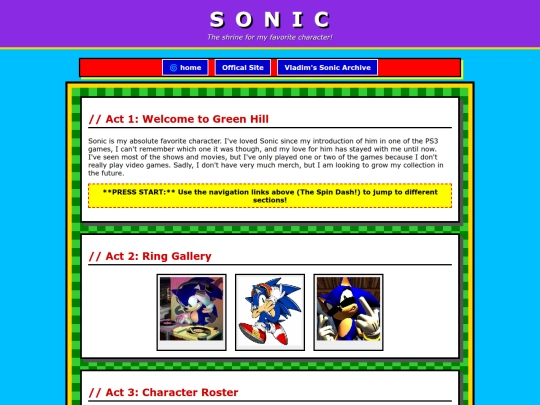 shrine_homes/sonic screenshot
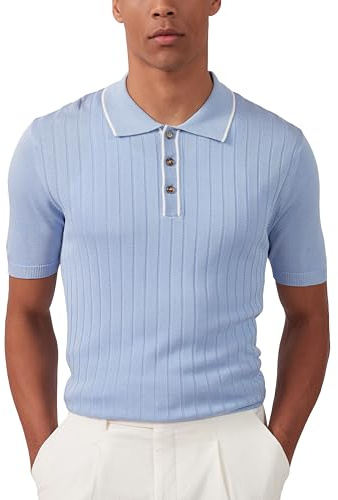 Kallspin Vintage Polos de Punto para Hombre Jerseys de Manga Corta Camisas de Golf Tops de Playa de Verano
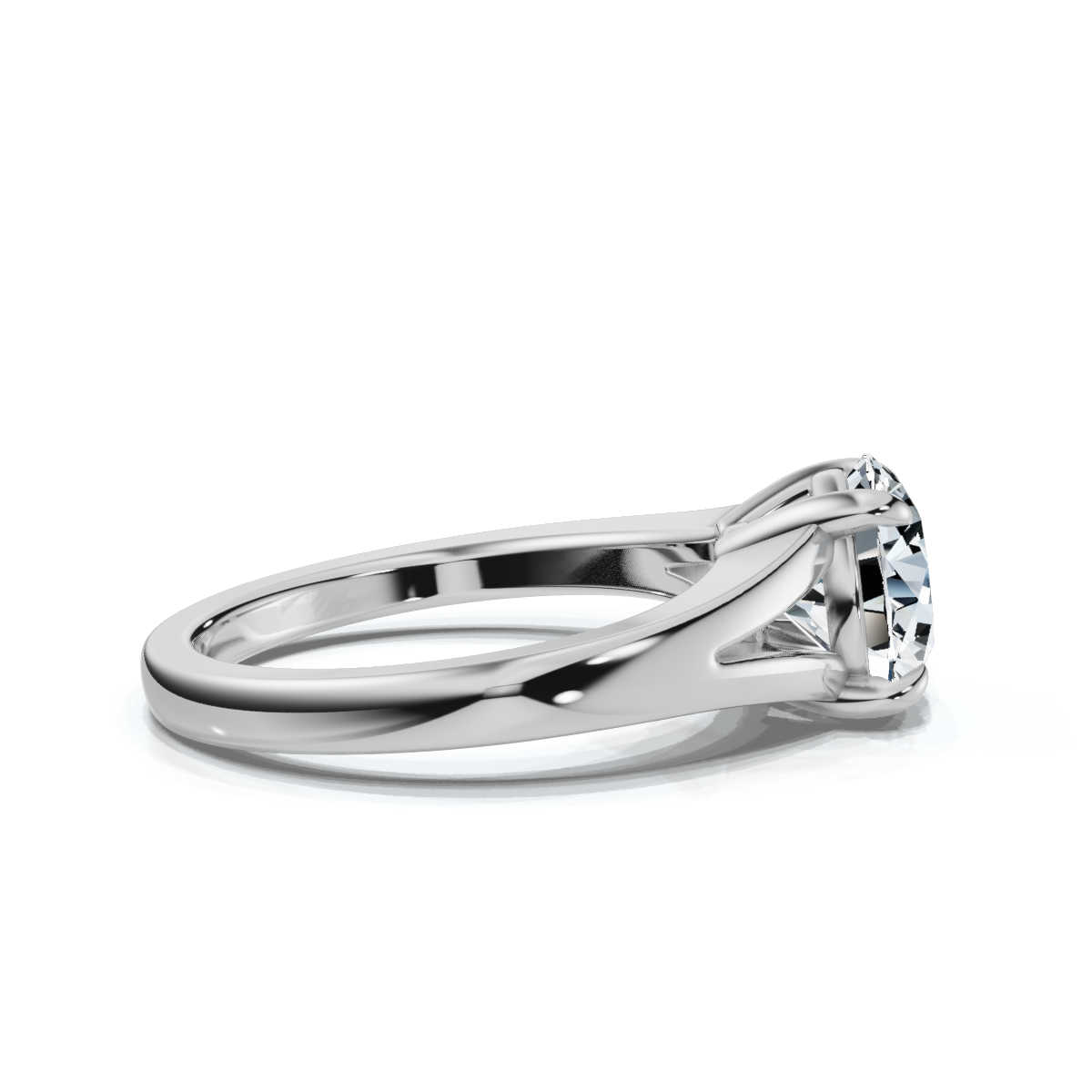14K White Gold Sierra Spit Shank Solitaire Engagement Ring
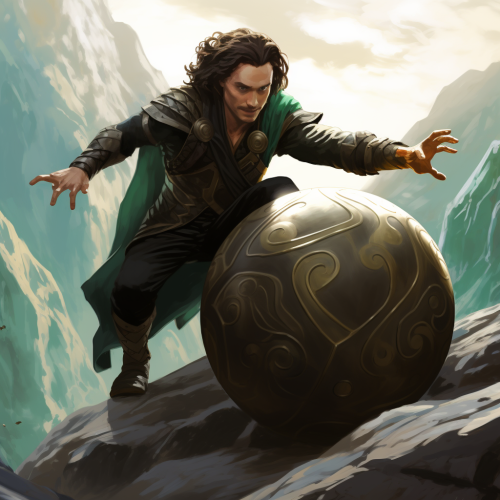 Loki struggles to push giant stone uphill
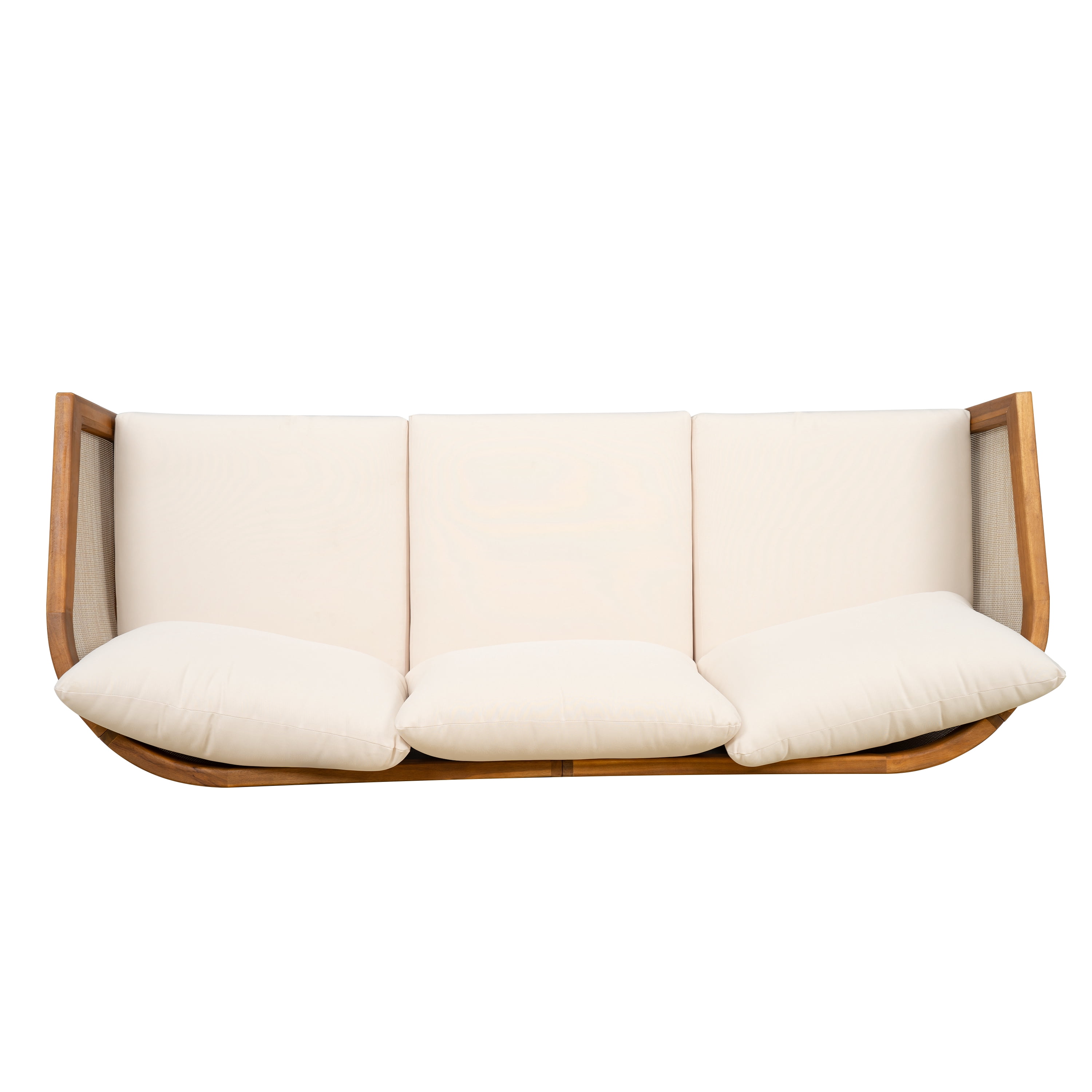 Euroco 3 Seater Outdoor Sofa Couch,Acacia Wood Patio Sofa Furniture with Cushions and Deep Seat for Garden Backyard Porch,Beige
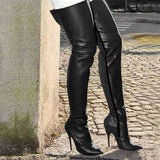 Autumn And Winter New Fashion Personality Slender Heel Side Zipper High Fine With Ladies Over The Knee Boots HZ0115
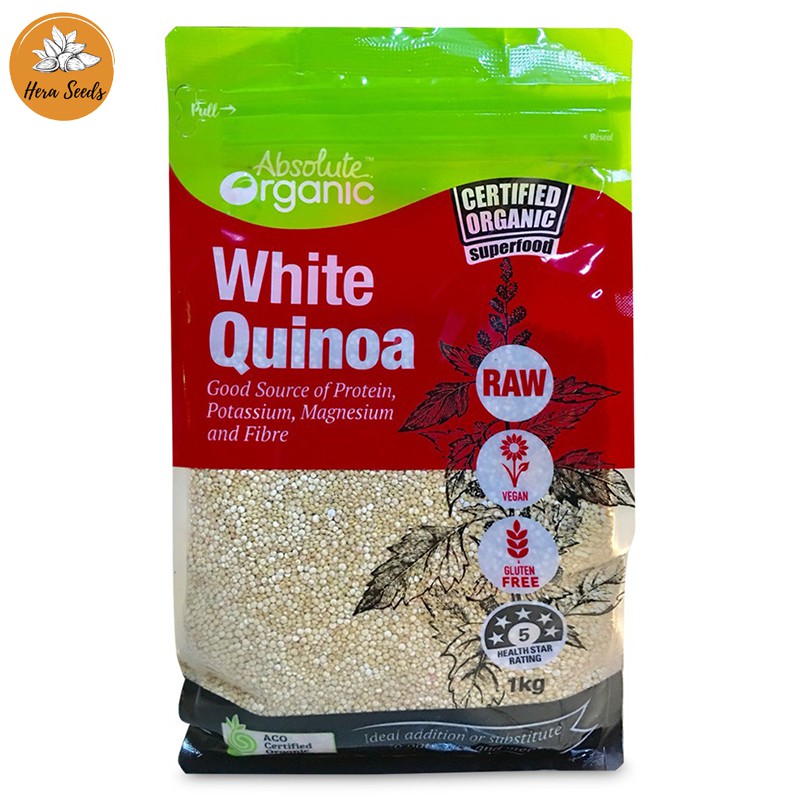 Hạt Diêm mạch trắng White Quinoa Absolute Organic 1kg - Date mới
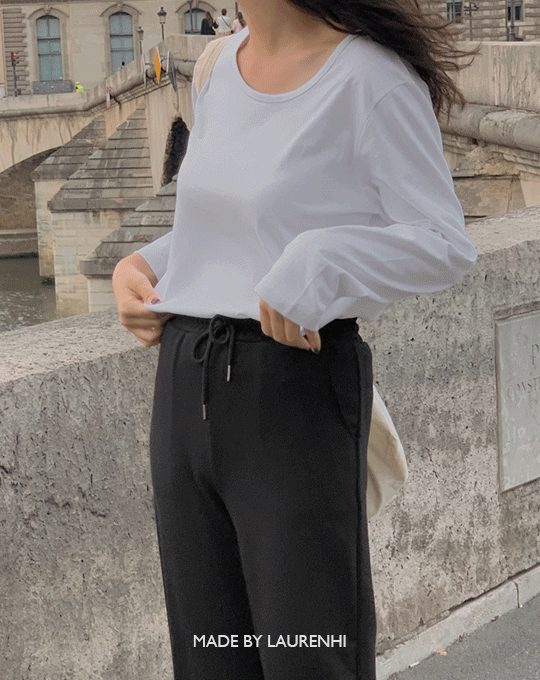 [라스트찬스⏰][Made Lauren]프리지 실켓 유넥 긴팔 티셔츠 - 4 color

▸ Task statement
Locate "14K White Gold" in the listing above, then print exactly the lines from that line through the final one, omitting all pictures.

▸ Solved problem
14K White Gold Sierra Spit Shank Solitaire Engagement Ring
 Loki struggles to push giant stone uphill
 Euroco 3 Seater Outdoor Sofa Couch,Acacia Wood Patio Sofa Furniture with Cushions and Deep Seat for Garden Backyard Porch,Beige
 Autumn And Winter New Fashion Personality Slender Heel Side Zipper High Fine With Ladies Over The Knee Boots HZ0115
 Hạt Diêm mạch trắng White Quinoa Absolute Organic 1kg - Date mới
 [라스트찬스⏰][Made Lauren]프리지 실켓 유넥 긴팔 티셔츠 - 4 color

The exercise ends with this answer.